Autre dossier phare : le rachat en 2008 d’un actif du géant mondial des produits chimiques Dow Chemical, Revocoat, par un véhicule appartenant à Charles Churet, ex-président de Dow France, que Xenia Legendre accompagnait. Un carve-out complexe qui a ouvert la porte à de nombreux autres dossiers réalisés pour ce client. « J’ai rencontré Xenia Legendre en 2007 » raconte Charles Churet, aujourd’hui président du fonds d’investissement Oyat Invest AG. « J’étais alors encore cadre supérieur chez Dow Chemical, et un ami co-investisseur qui avait travaillé avec elle sur un autre dossier me l’avait conseillée. Elle m’a appris les rouages du LBO et du M&A et m’assiste depuis sur toutes les opérations que nous réalisons au sein de notre family office. » L’entrepreneur salue chez elle une « force de travail phénoménale » et une réactivité à toute épreuve. « Contrairement à certains autres avocats d’affaires qui passent beaucoup de temps à vous expliquer au préalable toutes les complexités et les risques d’un dossier, Xenia Legendre, elle, est immédiatement orientée vers la solution », affirme-t-il. « Elle met tout de suite les "vrais" choix sur la table, de manière concise et structurée. Elle a en outre une mémoire phénoménale et se souvient de tout ce que l’on a fait depuis 2007. À tel point que je me demande parfois si elle ne pense qu’à mes dossiers ! »
Travail de maïeutique
En trente ans, Xenia Legendre a vu la fiscalité muer et se transformer au gré des évolutions de la société et des nouvelles réglementations. « Auparavant, les avocats en droit fiscal étaient beaucoup plus agressifs et débridés, notamment sur les prix de transfert et les structures offshore », se remémore-t-elle. « C’était surtout le cas chez les Big Four.
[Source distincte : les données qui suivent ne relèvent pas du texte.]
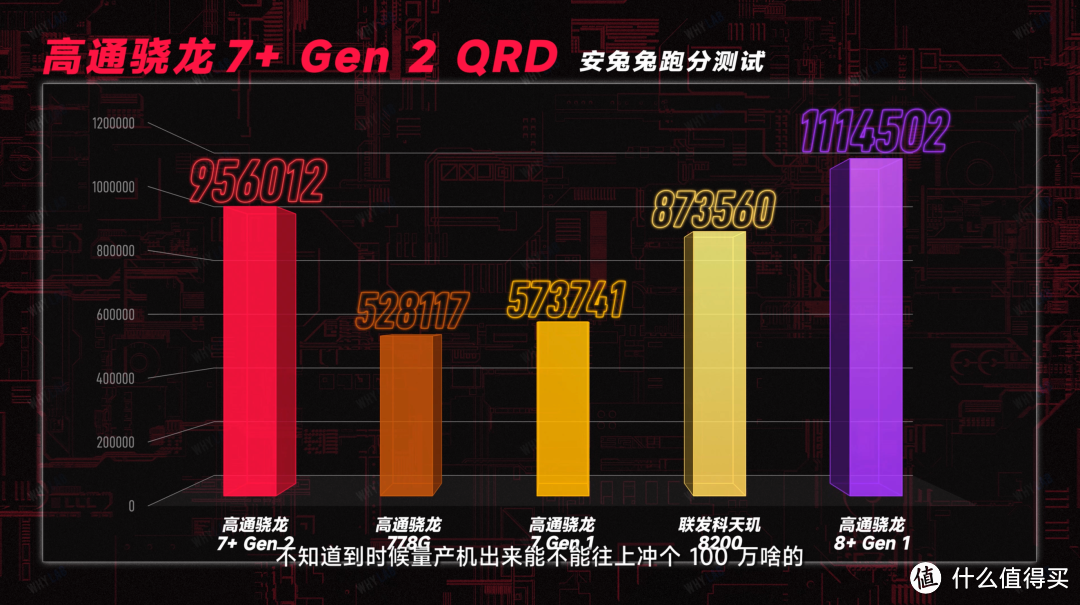 「WHYLAB」第二代骁龙 7+ 工程机对比天玑 8200 实测：久违的性能，回来了吗？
Mais aujourd’hui, et surtout depuis les nouvelles règles de l’OCDE, les choses ont changé. Le travail du fiscaliste est devenu de ce point de vue non pas moins créatif, mais plus encadré. » L’associée déplore en outre l’attitude plus hostile et inflexible du fisc sur les contrôles, pouvant mener parfois à des situations compliquées. Pour elle, plus que jamais, l’avocat en droit fiscal doit donc se montrer vigilant. « Il faut avoir une image complète de la situation et du client », assure Xenia Legendre. « On ne peut pas se permettre d’être approximatif. Il faut en outre toujours se poser toutes les questions, même si cela diffère de ce que demande initialement le client. » Quitte à, parfois, créer de la tension… « C’est souvent nécessaire », balaye l’avocate. « Par ailleurs, il est important de "sentir" le client par rapport à son appétit au risque, notamment lorsque l’on fait de l’optimisation fiscale. Le tout, bien sûr, de manière raisonnable et en respectant toujours les tendances de la fiscalité internationale. » Évoquant l’anecdote d’un client qu’elle accompagne actuellement sur une vente d’actifs, l’associée l’atteste : les amener vers une solution donnée malgré leurs réticences relève parfois d’un vrai travail de maïeutique. Un exercice de longue haleine, donc, tout comme celui que les fiscalistes doivent souvent faire au quotidien pour être associés en amont d’un dossier au sein des cabinets… « Il n’est pas rare de voir les avocats en droit fiscal arriver sur un dossier beaucoup trop tard, lorsque tout est déjà négocié », déplore Xenia Legendre. « Ce n’est heureusement pas le cas chez Hogan Lovells, où nous travaillons main dans la main avec les associés en transactionnel. Cela permet d’éviter beaucoup de frustrations de chaque côté. » La clé ? Toujours penser la matière fiscale comme intégrée dans la vie économique de l’entreprise. « Il faut que cela fasse sens par rapport au business, et que la réalité de la vie économique d’une société soit respectée et préservée », conclut l’avocate. « Ensuite, on s’adapte ! »
Legendre Xenia

Xenia Legendre est associée fiscaliste et managing partner au sein du bureau de Paris du cabinet Hogan Lovells. Diplômée de l’Institut d’État des relations internationales de Moscou (droit privé), elle est également titulaire d'un DEA de droit des affaires de l’Université Paris 1 Panthéon-Sorbonne.